[Stored data]
★ ★ ★ ★ ★

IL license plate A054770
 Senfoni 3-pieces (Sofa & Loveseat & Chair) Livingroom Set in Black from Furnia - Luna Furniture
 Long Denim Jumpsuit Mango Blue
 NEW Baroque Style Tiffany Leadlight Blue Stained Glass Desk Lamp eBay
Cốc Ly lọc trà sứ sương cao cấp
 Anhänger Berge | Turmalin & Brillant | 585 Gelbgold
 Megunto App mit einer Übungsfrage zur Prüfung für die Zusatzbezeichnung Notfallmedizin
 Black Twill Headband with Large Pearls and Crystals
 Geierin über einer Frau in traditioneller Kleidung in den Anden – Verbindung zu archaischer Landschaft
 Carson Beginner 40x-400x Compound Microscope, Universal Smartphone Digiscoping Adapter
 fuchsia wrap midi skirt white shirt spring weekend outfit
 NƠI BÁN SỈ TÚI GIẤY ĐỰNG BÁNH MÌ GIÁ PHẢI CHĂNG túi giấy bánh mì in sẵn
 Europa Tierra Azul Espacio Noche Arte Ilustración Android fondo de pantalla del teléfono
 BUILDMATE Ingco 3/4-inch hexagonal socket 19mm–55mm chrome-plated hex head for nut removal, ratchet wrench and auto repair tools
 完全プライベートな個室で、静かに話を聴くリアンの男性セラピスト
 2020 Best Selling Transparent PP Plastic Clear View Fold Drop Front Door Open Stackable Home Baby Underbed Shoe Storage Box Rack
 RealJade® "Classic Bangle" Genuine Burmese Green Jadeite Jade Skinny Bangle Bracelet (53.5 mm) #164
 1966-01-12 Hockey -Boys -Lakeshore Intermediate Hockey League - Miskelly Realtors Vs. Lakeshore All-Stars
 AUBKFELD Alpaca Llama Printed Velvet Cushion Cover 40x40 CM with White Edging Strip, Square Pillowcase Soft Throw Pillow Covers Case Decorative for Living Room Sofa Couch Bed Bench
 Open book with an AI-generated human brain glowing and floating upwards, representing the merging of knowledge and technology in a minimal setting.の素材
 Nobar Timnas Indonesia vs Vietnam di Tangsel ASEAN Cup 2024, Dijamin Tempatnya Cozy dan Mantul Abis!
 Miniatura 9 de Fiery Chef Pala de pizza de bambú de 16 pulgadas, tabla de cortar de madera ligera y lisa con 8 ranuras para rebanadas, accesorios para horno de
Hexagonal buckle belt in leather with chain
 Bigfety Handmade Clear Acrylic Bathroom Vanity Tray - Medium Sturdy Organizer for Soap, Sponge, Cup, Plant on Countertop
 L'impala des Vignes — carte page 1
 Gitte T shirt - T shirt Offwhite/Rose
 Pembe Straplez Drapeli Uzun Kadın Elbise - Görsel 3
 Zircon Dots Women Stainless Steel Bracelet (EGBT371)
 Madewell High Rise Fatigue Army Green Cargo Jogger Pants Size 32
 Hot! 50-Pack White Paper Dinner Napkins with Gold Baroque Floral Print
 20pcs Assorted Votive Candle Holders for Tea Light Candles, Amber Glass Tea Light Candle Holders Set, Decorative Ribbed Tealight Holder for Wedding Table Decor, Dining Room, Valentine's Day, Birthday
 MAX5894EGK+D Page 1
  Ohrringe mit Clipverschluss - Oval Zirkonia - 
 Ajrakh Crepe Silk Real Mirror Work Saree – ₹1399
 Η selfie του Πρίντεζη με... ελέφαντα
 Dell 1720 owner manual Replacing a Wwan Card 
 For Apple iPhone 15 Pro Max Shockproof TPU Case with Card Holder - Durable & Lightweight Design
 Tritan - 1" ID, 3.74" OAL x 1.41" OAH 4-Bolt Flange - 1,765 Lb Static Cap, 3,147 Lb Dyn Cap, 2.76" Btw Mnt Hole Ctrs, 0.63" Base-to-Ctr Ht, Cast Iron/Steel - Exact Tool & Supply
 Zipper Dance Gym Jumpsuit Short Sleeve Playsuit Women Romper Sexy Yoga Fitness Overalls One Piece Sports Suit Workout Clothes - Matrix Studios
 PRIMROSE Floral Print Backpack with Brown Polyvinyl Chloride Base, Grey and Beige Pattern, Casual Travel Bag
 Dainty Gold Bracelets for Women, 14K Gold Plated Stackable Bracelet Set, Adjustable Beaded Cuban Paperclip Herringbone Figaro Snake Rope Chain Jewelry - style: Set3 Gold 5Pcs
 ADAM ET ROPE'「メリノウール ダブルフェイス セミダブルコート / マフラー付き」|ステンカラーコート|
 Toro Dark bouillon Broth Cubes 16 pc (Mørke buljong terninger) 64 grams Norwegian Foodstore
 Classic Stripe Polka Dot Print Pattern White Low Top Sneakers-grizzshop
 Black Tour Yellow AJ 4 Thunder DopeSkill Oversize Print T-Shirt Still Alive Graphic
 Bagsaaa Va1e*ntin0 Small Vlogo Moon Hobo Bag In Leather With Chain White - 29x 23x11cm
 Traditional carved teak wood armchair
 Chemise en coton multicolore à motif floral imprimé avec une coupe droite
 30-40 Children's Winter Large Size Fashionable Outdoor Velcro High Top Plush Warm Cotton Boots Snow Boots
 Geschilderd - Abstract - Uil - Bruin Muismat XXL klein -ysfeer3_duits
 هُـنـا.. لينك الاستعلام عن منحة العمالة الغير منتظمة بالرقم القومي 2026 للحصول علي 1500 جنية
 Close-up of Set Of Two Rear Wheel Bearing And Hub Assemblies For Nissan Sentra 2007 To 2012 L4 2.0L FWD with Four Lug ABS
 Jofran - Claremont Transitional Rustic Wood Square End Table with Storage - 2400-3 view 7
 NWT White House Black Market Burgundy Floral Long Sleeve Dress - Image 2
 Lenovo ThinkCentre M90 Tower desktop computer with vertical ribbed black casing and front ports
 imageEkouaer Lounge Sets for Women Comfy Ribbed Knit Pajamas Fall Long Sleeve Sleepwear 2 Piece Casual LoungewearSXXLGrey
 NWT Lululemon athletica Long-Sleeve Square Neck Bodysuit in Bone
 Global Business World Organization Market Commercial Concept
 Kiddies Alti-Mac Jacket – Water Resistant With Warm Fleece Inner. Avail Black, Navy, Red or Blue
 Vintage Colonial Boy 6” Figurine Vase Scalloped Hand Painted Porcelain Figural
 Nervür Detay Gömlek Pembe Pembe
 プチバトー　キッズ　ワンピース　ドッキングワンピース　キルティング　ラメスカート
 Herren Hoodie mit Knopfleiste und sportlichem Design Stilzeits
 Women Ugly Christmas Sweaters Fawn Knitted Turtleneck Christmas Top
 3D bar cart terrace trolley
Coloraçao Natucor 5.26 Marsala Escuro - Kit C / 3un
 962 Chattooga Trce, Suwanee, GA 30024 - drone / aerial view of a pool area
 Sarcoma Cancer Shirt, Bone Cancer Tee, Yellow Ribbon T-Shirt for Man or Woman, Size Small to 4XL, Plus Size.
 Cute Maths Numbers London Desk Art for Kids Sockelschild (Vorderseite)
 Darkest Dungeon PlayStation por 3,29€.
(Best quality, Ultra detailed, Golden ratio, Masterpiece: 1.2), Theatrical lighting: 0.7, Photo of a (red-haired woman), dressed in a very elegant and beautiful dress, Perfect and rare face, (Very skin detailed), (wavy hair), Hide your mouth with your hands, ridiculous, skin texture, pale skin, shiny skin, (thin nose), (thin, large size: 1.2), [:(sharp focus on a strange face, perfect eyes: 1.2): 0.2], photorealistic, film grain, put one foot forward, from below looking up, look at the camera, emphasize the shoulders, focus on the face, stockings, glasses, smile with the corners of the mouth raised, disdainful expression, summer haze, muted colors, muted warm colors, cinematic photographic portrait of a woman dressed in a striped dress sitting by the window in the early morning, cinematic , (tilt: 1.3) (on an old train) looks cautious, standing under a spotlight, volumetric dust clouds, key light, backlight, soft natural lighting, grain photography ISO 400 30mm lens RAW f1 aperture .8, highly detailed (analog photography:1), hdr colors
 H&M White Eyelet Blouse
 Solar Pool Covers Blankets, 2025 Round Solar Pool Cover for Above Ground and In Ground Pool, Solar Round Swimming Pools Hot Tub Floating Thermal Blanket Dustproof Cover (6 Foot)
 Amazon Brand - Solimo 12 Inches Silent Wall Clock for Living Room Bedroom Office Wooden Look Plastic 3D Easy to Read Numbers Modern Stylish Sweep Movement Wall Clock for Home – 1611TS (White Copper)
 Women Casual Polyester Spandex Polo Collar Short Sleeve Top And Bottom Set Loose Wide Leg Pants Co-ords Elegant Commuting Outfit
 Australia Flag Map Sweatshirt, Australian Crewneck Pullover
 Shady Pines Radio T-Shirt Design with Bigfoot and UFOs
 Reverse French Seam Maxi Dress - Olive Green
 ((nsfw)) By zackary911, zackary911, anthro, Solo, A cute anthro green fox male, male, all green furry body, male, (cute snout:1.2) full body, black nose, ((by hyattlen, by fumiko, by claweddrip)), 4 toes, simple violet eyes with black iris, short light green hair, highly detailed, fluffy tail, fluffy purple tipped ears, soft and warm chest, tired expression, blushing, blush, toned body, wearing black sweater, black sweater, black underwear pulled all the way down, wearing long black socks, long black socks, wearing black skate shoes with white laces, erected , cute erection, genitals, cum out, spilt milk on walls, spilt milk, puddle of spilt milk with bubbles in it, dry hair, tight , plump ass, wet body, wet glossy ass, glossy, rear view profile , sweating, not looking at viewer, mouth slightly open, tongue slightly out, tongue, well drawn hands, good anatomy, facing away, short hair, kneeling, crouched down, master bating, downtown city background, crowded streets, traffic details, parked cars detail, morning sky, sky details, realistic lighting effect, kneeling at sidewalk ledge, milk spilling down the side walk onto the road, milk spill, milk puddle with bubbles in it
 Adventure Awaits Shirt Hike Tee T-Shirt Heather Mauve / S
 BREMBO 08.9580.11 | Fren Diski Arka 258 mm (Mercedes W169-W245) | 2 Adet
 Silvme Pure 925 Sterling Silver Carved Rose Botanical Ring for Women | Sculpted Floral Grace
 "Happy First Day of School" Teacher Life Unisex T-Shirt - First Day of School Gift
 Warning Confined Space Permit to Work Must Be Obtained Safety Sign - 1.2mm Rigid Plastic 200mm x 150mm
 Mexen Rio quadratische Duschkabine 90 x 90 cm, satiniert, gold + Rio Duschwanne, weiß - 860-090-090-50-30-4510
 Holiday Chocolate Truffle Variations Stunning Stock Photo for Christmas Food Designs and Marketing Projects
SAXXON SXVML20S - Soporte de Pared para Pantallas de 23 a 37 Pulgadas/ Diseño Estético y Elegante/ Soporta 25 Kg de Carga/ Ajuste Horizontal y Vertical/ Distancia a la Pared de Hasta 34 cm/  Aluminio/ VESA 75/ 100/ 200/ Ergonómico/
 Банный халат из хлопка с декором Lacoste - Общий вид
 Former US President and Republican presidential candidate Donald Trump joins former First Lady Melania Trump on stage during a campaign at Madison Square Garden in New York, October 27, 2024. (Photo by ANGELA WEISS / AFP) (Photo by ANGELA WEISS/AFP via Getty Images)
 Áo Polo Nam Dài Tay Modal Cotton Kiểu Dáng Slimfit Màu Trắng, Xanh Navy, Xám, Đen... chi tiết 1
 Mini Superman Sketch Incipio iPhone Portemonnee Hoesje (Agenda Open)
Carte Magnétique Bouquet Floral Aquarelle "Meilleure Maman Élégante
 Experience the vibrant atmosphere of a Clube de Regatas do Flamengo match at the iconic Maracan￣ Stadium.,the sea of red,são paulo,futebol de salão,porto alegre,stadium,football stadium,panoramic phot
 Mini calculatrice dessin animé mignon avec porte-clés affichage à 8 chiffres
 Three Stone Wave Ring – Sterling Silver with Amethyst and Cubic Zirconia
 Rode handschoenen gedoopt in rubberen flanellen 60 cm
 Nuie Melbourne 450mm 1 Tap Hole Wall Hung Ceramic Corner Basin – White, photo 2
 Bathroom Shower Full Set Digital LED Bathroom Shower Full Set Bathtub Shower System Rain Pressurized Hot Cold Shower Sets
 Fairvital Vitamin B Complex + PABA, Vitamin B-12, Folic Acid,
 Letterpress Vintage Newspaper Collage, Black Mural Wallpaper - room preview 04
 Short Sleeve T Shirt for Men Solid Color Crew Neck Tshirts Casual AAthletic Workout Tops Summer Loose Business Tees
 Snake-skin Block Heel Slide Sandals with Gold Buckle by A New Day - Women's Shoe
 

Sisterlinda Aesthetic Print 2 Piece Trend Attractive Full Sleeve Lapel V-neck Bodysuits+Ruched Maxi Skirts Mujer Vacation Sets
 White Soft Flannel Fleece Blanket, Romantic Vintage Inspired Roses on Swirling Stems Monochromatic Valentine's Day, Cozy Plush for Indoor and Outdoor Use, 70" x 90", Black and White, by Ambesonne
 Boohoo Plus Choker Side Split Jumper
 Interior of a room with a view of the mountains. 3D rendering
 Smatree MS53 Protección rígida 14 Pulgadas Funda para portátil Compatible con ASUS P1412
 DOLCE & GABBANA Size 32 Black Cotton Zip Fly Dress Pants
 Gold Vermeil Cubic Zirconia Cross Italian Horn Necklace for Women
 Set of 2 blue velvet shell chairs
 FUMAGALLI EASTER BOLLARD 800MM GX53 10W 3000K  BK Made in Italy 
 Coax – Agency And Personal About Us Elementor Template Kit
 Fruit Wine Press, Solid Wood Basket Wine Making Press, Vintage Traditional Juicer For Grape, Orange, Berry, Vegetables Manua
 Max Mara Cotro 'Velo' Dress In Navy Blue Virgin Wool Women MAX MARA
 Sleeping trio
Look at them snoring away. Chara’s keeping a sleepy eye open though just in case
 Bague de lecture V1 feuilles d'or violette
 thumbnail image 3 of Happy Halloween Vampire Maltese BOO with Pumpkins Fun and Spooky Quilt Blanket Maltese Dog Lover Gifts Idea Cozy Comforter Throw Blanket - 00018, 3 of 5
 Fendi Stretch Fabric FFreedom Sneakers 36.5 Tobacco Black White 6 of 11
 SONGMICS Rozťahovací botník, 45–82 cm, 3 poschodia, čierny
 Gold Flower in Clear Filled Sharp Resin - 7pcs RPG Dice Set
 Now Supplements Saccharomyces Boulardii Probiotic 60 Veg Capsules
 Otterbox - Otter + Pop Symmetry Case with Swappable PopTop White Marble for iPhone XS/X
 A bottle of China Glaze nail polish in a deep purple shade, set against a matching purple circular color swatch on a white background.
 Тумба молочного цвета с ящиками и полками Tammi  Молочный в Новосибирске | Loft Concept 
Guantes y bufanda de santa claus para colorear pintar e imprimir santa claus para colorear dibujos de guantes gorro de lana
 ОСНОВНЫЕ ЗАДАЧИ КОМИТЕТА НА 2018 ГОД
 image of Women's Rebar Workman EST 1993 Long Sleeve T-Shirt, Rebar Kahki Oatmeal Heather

★ ★ ★ ★ ★

# Goal of the exercise:
The lines above, starting at the one with "Open book with" and ending at the one with "Bigfety Handmade Clear", are the only ones to return, exactly as written.

# Exercise answer:
 Open book with an AI-generated human brain glowing and floating upwards, representing the merging of knowledge and technology in a minimal setting.の素材
 Nobar Timnas Indonesia vs Vietnam di Tangsel ASEAN Cup 2024, Dijamin Tempatnya Cozy dan Mantul Abis!
 Miniatura 9 de Fiery Chef Pala de pizza de bambú de 16 pulgadas, tabla de cortar de madera ligera y lisa con 8 ranuras para rebanadas, accesorios para horno de
Hexagonal buckle belt in leather with chain
 Bigfety Handmade Clear Acrylic Bathroom Vanity Tray - Medium Sturdy Organizer for Soap, Sponge, Cup, Plant on Countertop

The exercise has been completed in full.